Class ClientAuthenticationMethod

    • Field Detail

      • CLIENT_SECRET_BASIC

        public static final ClientAuthenticationMethod CLIENT_SECRET_BASIC
        Clients that have received a client secret from the authorisation server authenticate with the authorisation server in accordance with section 3.2.1 of OAuth 2.0 using HTTP Basic authentication. This is the default if no method has been registered for the client.
      • CLIENT_SECRET_POST

        public static final ClientAuthenticationMethod CLIENT_SECRET_POST
        Clients that have received a client secret from the authorisation server authenticate with the authorisation server in accordance with section 3.2.1 of OAuth 2.0 by including the client credentials in the request body.
      • CLIENT_SECRET_JWT

        public static final ClientAuthenticationMethod CLIENT_SECRET_JWT
        Clients that have received a client secret from the authorisation server, create a JWT using an HMAC SHA algorithm, such as HMAC SHA-256. The HMAC (Hash-based Message Authentication Code) is calculated using the value of client secret as the shared key. The client authenticates in accordance with section 2.2 of (JWT) Bearer Token Profiles and OAuth 2.0 Assertion Profile.
      • PRIVATE_KEY_JWT

        public static final ClientAuthenticationMethod PRIVATE_KEY_JWT
        Clients that have registered a public key sign a JWT using the RSA algorithm if a RSA key was registered or the ECDSA algorithm if an Elliptic Curve key was registered (see JWA for the algorithm identifiers). The client authenticates in accordance with section 2.2 of (JWT) Bearer Token Profiles and OAuth 2.0 Assertion Profile.
      • TLS_CLIENT_AUTH

        public static final ClientAuthenticationMethod TLS_CLIENT_AUTH
        PKI mutual TLS OAuth client authentication.
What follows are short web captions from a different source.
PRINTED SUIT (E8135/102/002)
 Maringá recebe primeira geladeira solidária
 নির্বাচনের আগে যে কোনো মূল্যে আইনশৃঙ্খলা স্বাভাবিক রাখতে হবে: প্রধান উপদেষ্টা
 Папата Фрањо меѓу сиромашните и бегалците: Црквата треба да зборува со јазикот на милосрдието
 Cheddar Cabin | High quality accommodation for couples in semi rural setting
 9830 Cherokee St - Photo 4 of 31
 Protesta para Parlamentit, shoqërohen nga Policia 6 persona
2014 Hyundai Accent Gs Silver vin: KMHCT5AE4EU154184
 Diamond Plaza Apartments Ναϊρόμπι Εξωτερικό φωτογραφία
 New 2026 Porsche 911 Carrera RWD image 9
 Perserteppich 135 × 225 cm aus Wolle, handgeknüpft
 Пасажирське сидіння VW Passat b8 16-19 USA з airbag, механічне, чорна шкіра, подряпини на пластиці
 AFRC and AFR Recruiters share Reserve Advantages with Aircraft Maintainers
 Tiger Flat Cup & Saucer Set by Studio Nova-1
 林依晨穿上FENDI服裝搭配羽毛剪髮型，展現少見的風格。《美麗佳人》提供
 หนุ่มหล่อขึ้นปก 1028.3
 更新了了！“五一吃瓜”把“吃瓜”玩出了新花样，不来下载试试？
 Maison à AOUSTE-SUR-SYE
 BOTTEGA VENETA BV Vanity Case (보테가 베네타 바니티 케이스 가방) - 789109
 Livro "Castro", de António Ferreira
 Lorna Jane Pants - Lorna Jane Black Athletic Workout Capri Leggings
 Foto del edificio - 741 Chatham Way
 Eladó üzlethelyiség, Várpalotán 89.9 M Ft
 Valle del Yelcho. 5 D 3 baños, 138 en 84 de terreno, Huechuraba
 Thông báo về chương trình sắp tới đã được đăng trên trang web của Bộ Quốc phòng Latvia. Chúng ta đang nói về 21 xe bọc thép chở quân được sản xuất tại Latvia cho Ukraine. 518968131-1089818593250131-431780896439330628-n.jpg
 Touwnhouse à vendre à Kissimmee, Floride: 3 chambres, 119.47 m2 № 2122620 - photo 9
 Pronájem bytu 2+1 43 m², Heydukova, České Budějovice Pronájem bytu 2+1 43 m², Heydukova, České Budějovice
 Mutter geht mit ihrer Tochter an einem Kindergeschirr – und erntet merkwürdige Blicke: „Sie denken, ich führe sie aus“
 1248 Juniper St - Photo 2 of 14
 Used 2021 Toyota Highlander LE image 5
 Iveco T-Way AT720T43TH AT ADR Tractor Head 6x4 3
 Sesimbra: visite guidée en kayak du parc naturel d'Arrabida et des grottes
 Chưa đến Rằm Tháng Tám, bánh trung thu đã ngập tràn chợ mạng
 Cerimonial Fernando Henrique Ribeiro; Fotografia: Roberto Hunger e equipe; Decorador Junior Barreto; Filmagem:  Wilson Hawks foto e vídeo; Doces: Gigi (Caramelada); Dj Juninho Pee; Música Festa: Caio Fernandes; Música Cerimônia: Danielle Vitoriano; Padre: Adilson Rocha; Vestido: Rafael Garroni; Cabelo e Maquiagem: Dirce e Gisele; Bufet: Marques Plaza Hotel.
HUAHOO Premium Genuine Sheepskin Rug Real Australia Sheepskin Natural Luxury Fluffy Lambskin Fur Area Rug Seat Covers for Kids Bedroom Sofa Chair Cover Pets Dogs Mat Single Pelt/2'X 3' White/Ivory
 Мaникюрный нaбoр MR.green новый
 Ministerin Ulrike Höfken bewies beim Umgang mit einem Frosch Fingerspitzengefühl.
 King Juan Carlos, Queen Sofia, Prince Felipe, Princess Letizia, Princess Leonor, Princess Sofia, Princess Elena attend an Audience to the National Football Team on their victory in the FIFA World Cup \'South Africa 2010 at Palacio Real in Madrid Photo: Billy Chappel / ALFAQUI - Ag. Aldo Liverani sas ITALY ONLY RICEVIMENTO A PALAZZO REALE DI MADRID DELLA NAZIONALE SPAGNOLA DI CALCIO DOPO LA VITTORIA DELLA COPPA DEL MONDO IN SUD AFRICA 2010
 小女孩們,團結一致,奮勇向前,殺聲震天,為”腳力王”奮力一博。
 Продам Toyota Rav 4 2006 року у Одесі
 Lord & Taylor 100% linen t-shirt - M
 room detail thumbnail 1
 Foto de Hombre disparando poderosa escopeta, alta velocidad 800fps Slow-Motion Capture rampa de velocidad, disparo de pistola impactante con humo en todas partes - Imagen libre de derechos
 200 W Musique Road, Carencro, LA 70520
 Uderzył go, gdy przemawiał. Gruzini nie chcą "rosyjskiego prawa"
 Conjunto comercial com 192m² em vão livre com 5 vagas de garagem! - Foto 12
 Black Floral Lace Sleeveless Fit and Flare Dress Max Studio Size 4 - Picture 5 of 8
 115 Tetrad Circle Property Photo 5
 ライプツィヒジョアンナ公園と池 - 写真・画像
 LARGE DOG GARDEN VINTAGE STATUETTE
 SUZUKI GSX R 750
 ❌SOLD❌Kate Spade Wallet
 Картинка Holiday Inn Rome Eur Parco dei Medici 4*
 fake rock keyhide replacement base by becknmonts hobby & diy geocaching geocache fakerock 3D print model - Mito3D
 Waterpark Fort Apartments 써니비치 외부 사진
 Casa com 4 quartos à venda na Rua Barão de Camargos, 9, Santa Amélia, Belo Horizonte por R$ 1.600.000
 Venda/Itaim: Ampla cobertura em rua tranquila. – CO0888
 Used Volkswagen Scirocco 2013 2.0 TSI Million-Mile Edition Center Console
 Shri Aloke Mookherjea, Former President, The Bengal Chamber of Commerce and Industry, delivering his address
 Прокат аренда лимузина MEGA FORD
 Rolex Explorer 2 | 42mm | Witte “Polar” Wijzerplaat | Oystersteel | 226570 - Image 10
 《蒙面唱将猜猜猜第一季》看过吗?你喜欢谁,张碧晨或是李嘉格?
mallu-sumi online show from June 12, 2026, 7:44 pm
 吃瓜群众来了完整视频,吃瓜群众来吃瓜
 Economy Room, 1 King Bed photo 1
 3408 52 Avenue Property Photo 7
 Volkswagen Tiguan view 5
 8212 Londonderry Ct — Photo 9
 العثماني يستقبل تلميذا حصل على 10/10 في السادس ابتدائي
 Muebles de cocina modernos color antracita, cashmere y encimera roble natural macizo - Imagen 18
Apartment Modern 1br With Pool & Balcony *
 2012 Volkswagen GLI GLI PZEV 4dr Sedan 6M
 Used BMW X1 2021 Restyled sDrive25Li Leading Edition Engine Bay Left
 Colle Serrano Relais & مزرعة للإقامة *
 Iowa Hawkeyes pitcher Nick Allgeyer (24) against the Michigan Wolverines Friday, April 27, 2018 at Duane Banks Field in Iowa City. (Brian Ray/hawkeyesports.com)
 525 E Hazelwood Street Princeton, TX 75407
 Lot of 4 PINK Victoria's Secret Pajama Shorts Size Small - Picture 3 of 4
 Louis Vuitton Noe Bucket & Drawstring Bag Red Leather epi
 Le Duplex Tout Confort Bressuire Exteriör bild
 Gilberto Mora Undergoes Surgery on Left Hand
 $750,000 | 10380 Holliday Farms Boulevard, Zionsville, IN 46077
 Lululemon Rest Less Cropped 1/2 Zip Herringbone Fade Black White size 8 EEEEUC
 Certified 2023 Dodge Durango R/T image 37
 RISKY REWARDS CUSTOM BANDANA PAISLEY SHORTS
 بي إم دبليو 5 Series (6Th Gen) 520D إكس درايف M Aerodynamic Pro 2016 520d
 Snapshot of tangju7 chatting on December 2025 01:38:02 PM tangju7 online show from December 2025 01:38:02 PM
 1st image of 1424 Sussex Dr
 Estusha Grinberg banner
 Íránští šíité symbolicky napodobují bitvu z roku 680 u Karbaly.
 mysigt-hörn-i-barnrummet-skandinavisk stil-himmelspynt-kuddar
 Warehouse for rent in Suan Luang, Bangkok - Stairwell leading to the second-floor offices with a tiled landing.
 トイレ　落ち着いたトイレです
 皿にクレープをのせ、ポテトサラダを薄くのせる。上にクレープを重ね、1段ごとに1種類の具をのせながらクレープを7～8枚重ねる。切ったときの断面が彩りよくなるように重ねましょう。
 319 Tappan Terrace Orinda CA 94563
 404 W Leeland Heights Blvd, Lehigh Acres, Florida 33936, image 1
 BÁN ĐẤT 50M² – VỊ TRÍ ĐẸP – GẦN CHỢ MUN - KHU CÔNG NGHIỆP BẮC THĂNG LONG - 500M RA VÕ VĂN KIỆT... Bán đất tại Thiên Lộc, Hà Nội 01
See OAuth 2.0 Mutual TLS Client Authentication and Certificate Bound Access Tokens (RFC 8705), section 2.1.
      • SELF_SIGNED_TLS_CLIENT_AUTH

        public static final ClientAuthenticationMethod SELF_SIGNED_TLS_CLIENT_AUTH
        Self-signed certificate mutual TLS OAuth client authentication. See OAuth 2.0 Mutual TLS Client Authentication and Certificate Bound Access Tokens (RFC 8705), section 2.2.
      • REQUEST_OBJECT

        public static final ClientAuthenticationMethod REQUEST_OBJECT
        Client authentication by means of a request object at the authorisation or PAR endpoints. Intended for OpenID Connect Federation 1.0 clients undertaking automatic registration. See OpenID Connect Federation 1.0.
    • Constructor Detail

      • ClientAuthenticationMethod

        public ClientAuthenticationMethod​(String value)
        Creates a new client authentication method with the specified value.
        Parameters:
        value - The authentication method value. Must not be null or empty string.